How These Data Will Transform Health Care Delivery
With the Baseline established, what will this kind of analysis be able to do?
Detailed analysis of lifestyle, genomics, and biochemical information will let people know, first of all, what health risks are especially high for them, and how they can mitigate those risks — before any adverse health effects have begun to occur.
Further, constant monitoring will detect biochemical changes indicating an impending problem long before there are even any outward symptoms, let alone before you reach the conclusion that you need to visit a doctor.
The smart contact lens that has now been licensed by Novartis (NVS) shows where this data collection regime can go in the future — into the world of wearables. So health care monitoring will be able to move toward constant real-time auditing and analysis. The wider the net is cast in terms of participants, the more valuable the information generated — exactly the same as with all Google’s data gathering endeavors.

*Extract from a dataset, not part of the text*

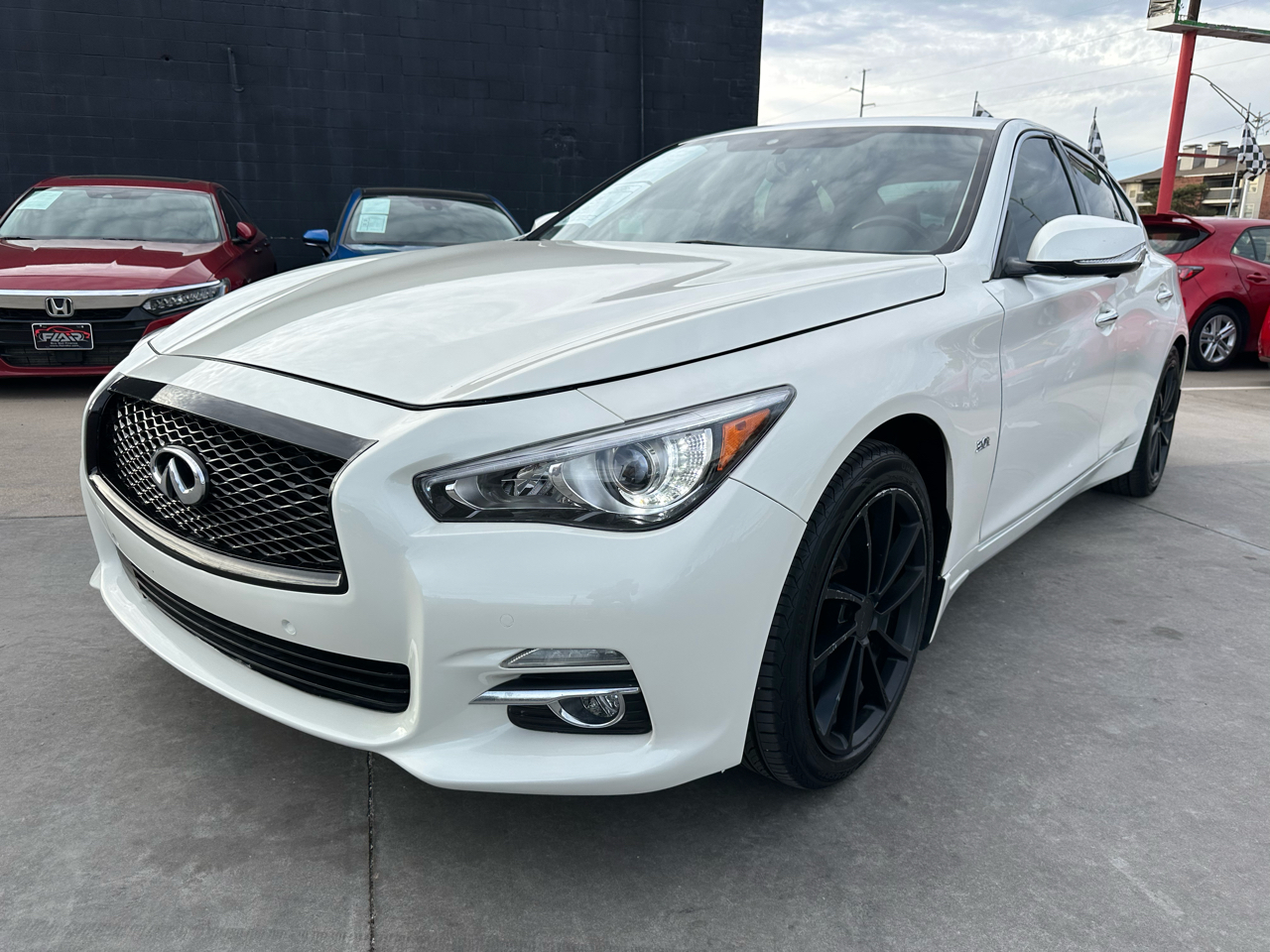 Infiniti Q50 4dr Sdn 2.0t Premium RWD 2016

Of course, the data being gathered and crunched here are the most personal data anyone has, and readers will certainly already have started imagining how such data could be turned against them — by insurance companies, for example. Thus Baseline is putting itself right in the middle of a long-running fight over health care data privacy.
The project itself is covered by the same regulations that govern clinical trials — with a principal investigator (PI) running clinical operations and data collection. That PI will be independent of Google, and the study’s procedures will be examined by an independent institutional review board. Critically, all data that Google gets to crunch will be anonymized, with personal identifiers stripped out. Google may learn what genetic characteristics let people deal better with dietary fat — but they won’t be able to tell study participants to eat better.
So for the Baseline study itself, no real privacy concerns. When it comes to wider implementation, though, that’s another story.
We think it is likely that as with all such “crowd-sourced” applications, consumers will eventually see the benefits of participation. Apps that follow traffic save time — and users who experience the benefits gradually lose their resistance to carrying around a device that knows where they are (and how fast they’re driving) at all times.
The potential benefits of Google’s mapping of the human body and its functions are greater by an order of magnitude.
We believe that the public will eventually make peace with sharing their data when the benefits gradually become more visible.
What We Like About Google’s Audacity
What we like most about the vision expressed by Baseline and other Google X projects is the essential optimism it embodies. Google’s co-founders have consistently demonstrated the willingness to come at problems with a childlike openness and confidence that human ingenuity can create better outcomes for human life. In the case of Google X, they seem willing to stake a portion of Google’s prosaic success as an advertising medium on goals with no obvious and immediate financial payback for their company.
For now, our specific analysis of Google is focused on that prosaic bottom line, the shift from desktop computing, and the challenges of monetizing mobile traffic. But still, we think that Google’s vision is a lesson about what can be achieved by optimism that has the liberty to pursue its goals.
Investment implications: Stay aware of developments like these, and watch for established companies that are commercializing them effectively, as well as new entrants. Look at Google when the market corrects.